In my inaugural post I mentioned wanting to trade guitar solos with Clapton at the Royal Albert Hall or Madison Square Garden. Given my total lack of musical skills, I've begun to think that my dream may never come true. Fortunately there are other ways to scratch the "guitar god" itch. Over the years my wife Christine has played guitar and sung at a variety of social events, typically holiday parties and family affairs. Occasionally I have joined her. One of these occasions was a couple of years ago on Labor Day weekend when we played for a group of friends at our beach condo in Maine. We hadn't practiced that much and neither of us was particularly happy with the performance. For some reason, a few in the group started asking when we were going to do it again. Maybe they were all drunk the first time? Anyway, there's no accounting for taste. (For the record, Christine is a great rhythm guitarist and has a beautiful voice, so the real issues are my ham-handed soloing and off-key harmonica. Don't ask about my voice.) One night in June we were playing guitar at home and, in a moment of insanity, we decided to put together a playlist and practice all summer for another Labor Day weekend show. That gave us about 8 weeks to practice, which sounds like a long time, but it's not, it's really not. After a few days of suggesting, vetoing, arguing, debating and experimenting we settled on a 15 song playlist:
- I've Just Seen a Face (The Beatles)
- I'll Fly Away (Albert Brumley - as performed by Gilian Welch)

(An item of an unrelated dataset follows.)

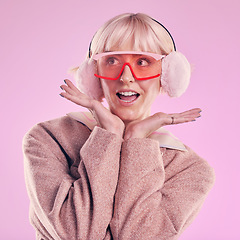 Image showing Fashion, woman and quirky in studio with wow, surprise and comic glasses on pink background. Aesthetic model person with hands on face thinking about edgy vaporwave trend with creativity and color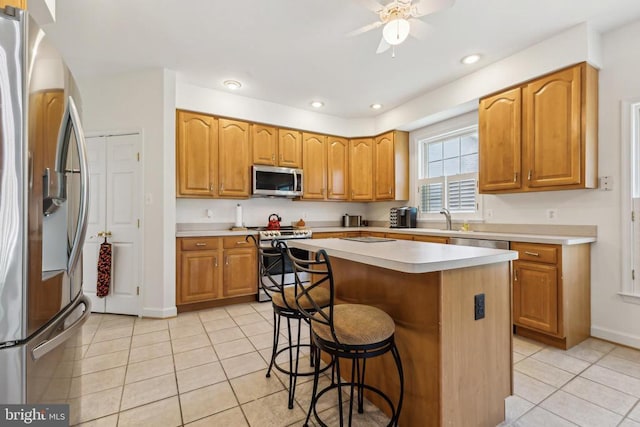 kitchen featuring a center island, light tile patterned floors, stainless steel appliances, and a kitchen bar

- Strong Enough (Sheryl Crow)
- Give Me One Reason (Tracy Chapman)
- Southern Cross (Crosby, Stills & Nash)
- San Francisco Bay Blues (Jesse Fuller - as performed by Eric Clapton)
- Don't Think Twice, It's Alright (Bob Dylan)
- The Night They Drove Old Dixie Down (The Band)
- Bad Reputation (Freedy Johnston)
- Superman (Five for Fighting)
- Something About What Happens When We Talk (Lucinda Wiliams)
- Hallelujah (Leonard Cohen)
- You Ain't Goin' Nowhere (Bob Dylan)
- Leaving on a Jet Plane (John Denver)
- Let It be (The Beatles)
We practiced as much as we could for weeks. Christine on vocals and rhythm guitar, me on rhythm and lead guitar and harmonica. In late August we assessed our progress: we were in pretty decent shape. It could be worse…much worse. That, of course, is when things changed. Our son Dillon, who had been away at a performing arts program all summer, had been listening to us practice since he'd gotten home and asked if he could sing on a few of the songs. He's got a fantastic voice. How could we refuse? TWO weeks until the show and a new vocalist. No problem, his vocal skills were welcome.
Then came change number two. We had made new friends, Jim and Susan, who have a place in Maine. Jim plays guitar but told us he hadn't picked it up in years. One night while sitting on the beach, in a drunken stupor and ONE week before the show, we asked Jim to join us. Also in a drunken stupor, he agreed. He confided that this was a "bucket list" item for him. We had never played together and would have one opportunity to practice before the show. When Jim showed up at our house for the practice session he was nervous, not only about his own playing but (I'm sure) about ours. What had he agreed to? Could we play at all or did we totally suck? After one song (Southern Cross) we all wiped our foreheads and breathed a sigh of relief. We liked how he sounded and vice versa. Jim is an excellent player and really has an ear for chord changes and song structure.
Sunday, September 1 -- show day. We set up on the deck. Our friends and neighbors gathering with lots of alcohol. Excellent. The drunker they were the better we would sound. Jim and Susan arrived with a bunch of friends in in tow. Christine, Dillon and I opened with "I've Just Seen a Face:"
Jim joined us:
Soloing on guitar and harmonica:
In the end we had a great time. Our audience seemed to enjoy it. Christine, Dillon and Jim were fantastic. Did it satisfy my desire to do scorching guitar solos? Partially, but next year we go electric.